The large sample survey study of Italian factory workers by Costa et al. (1988) examined
differences between commuters have long duration (45 minutes or more) versus short duration
(20 minutes or less) journeys to work -- they oddly termed the former "commuters" and the latter
"non-commuters" -- but did not disentangle modes within these conditions. The long distance
commuters (especially the females) did, however, report significantly more discomfort, distress,
and somatic complaints, as well as a higher rate of illnesses and sickness absences. McLennan
and Bennetts (2003) found that reported stress and productivity decrements varied with length of

21
journey and travel mode. For those in long journeys, car drivers reported more stress, whereas,
in short journeys, public transit users were more stressed.
A commute occurs in two directions, but in the vast majority of studies the measures
obtained have been in conjunction with the morning commute. In the impedance studies
conducted by Novaco et al.(1990, 1991) we separately assessed morning and evening commute
dimensions.
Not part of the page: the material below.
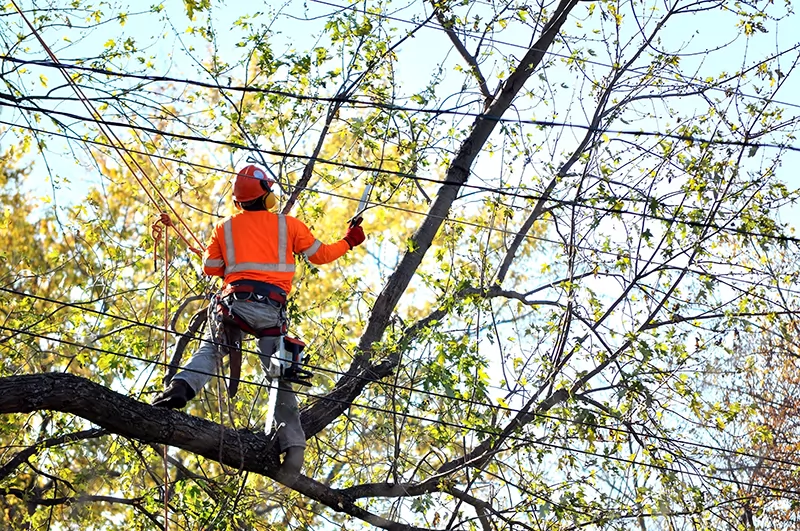 Tree Trimming Services in Midlothian VA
The evening commute is objectively more stressful than the morning commute, it is
subjectively perceived as more stressful, and the relationship with residential domain stress
outcomes measures is stronger for the evening commute impedance than that for the morning.
The results of the diary study by Gulian et al. (1990) converge in this regard. Daily driving
stress scores were significantly higher across days of the week. The stress reported on daily
diaries was significantly related to health complaints, relationships at work, and cognitive
failures. Guilian et al. also found that driving stress was inversely related to age and driving
experience.
Pertinent to moderator variable analyses are ideas introduced by Hennessy and
Weisenthal (Hennessy & Weisenthal, 1997, 1998; Hennessy et al., 2000) a concern state and trait
conception of driver stress. They developed a 26-item State Driver Stress Inventory and a State
Coping behavior Inventory relevant to driving (Hennessy & Weisenthal, 1997), involving a small
sample of student and community drivers in York, Canada, who made telephone calls to the
investigators at journey landmarks points, at which time the state stress and coping measures
were administered. Trait stress scores were computed from a general driving behavior inventory,
and trait coping behaviors from another separately administered inventory. The drivers
commuted on either low or high congestion routes. The state driver stress varied significantly as
a function of both trait driver stress and level of congestion. Hennessy & Weisenthal (1999)

22
extended this line of research to aggressive behavior, using a larger sample in the same region.
Driver aggressive behavior, assessed verbally by the telephone call procedure, was predictive of
state driver stress, especially in the high congestion condition. Subsequently, Hennessy et al.
(2000) replicated their previous findings that state driver stress is a function of level of traffic
congestion, time urgency, and trait susceptibility toward driver stress. They also found that daily
hassles were carried forward into the driving environment, amplifying driver stress levels among
high trait stress drivers. This lends support to the notion of "interdomain transfer effects"
(Novaco et al. 1990), with results obtained from on line assessments in the vehicle. While this
research by Hennessy & Weisenthal has been conducted on single trips, these did occur on the
person's routine commute route. Their use of a state/trait distinction for driver stress and their
innovative measurement of the state variables offers promise for future research discoveries.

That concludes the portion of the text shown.